According to the 2021 YRBS, among Kansas high school students, vaping peaked in the state when nearly one-half (48.6%) reported having ever tried an e-cigarette and more than one-fifth (22%) reported currently using e-cigarettes. Current use is defined as having used the product on at least one occasion in the 30 days prior to the survey. Between 2019 and 2021, ever-use of e-cigarettes decreased by 29% to 34.2% of high schoolers, and current use decreased by 34.5% to only 14.4% of Kansas high school students reporting past-month e-cigarette use.

Despite alarmist fears that youth vaping would lead to an increase in youth use of traditional tobacco products, in Kansas, youth use of cigarettes, cigars, and smokeless tobacco products is at some of its lowest levels recorded.

In 2021, less than one-fifth (17.2%) reported having ever tried a combustible cigarette. This is a 30.6% decline from 2019 but a whopping 66.3% decrease from 2005 when over half (51%) of students reported trying combustible cigarettes. Even better, only 4.6% of Kansas high schoolers reported current cigarette use, which was a 20.7% decline from 2019’s levels and a 78.1% decrease from 2005 when more than one-fifth (21%) reported current use.

Other tobacco product use is also at record lows. In 2021, only 3.2% of Kansas high school students reported current use of cigars and 3.6% were currently using smokeless tobacco products. Between 2019 and 2021, current cigar use decreased by 41.8% and smokeless tobacco use by 34.5%.

In recent years, many policymakers have sought to address youth use of both tobacco and vapor by introducing legislation that would restrict the sale of flavored products. While laudable, youth are not overwhelmingly citing flavors as a reason for e-cigarette use. According to the CDC’s National Tobacco Survey, in 2021, among U.S. middle and high school students who were currently using e-cigarettes, only 13.2% cited using them because they were available in flavors. Conversely, nearly half (43.4%) cited using e-cigarettes because they were feeling anxious, depressed, and/or stressed.

Policymakers in the Sunflower State should pay attention to this as youth mental health issues are increasing. In 2021, more than nearly two-fifths (37.7%) of Kansas high schoolers reported persistent feelings of sadness and/or hopelessness, which was a 16% increase from 2019 and the highest level recorded. Alarmingly, 16.1% of high schoolers reported having made a suicide attempt in the year prior to the survey which was a shocking 78.9% increase from 2019 when 9% of students reported suicide attempts.

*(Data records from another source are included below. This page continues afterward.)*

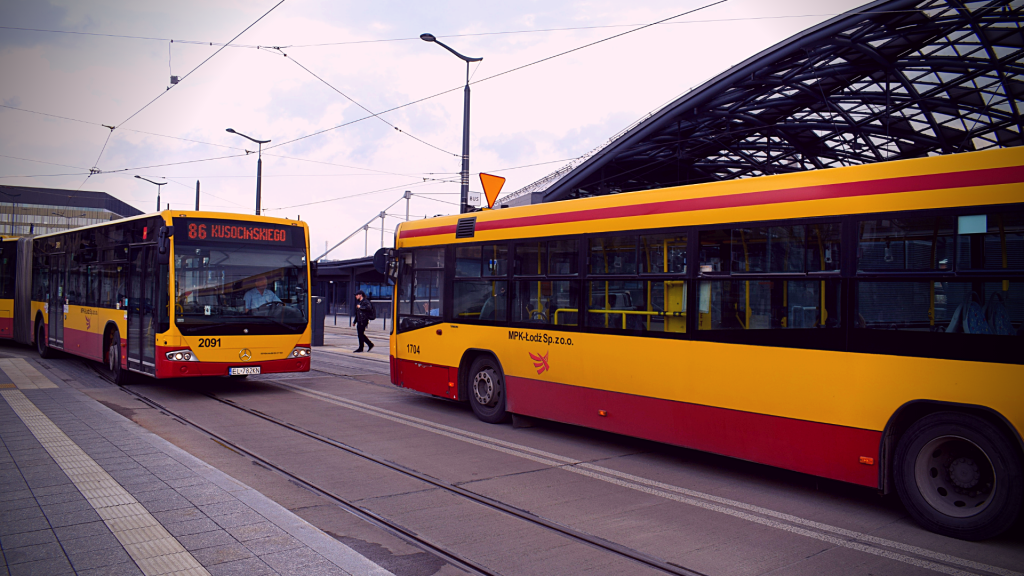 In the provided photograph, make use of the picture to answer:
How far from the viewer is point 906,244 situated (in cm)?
562

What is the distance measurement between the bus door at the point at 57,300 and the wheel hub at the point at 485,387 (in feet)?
37.4

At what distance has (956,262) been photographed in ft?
17.5

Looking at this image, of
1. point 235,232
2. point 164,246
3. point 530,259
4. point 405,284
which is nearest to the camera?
point 530,259

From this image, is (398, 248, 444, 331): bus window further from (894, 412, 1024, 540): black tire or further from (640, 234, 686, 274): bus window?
(894, 412, 1024, 540): black tire

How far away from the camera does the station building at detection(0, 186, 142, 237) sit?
280 feet

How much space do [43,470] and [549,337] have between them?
17.7ft

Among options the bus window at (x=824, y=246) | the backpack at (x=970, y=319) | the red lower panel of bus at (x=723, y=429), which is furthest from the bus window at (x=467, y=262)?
the backpack at (x=970, y=319)

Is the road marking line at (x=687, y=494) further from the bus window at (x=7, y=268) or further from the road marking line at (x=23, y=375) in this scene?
the bus window at (x=7, y=268)

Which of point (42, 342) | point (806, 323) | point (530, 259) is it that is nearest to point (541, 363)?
point (530, 259)

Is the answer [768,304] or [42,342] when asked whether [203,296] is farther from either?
[42,342]

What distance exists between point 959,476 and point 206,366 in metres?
10.4

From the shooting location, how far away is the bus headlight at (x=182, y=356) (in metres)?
11.0

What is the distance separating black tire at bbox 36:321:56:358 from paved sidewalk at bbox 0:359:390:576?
1179 cm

Policymakers and public health officials should welcome the declines in tobacco and vapor product use among Kansas high school students, which have come even without a statewide ban on flavored tobacco products. Should policymakers truly want to address issues facing youth in the Sunflower State, they ought to turn their attention towards a growing mental health crisis among the state’s youth. 

Lindsey Stroud is a Visiting Fellow at Independent Women’s Forum, Director of the Taxpayers Protection Alliance’s Consumer Center, and a board member with the American Vapor Manufacturers Association.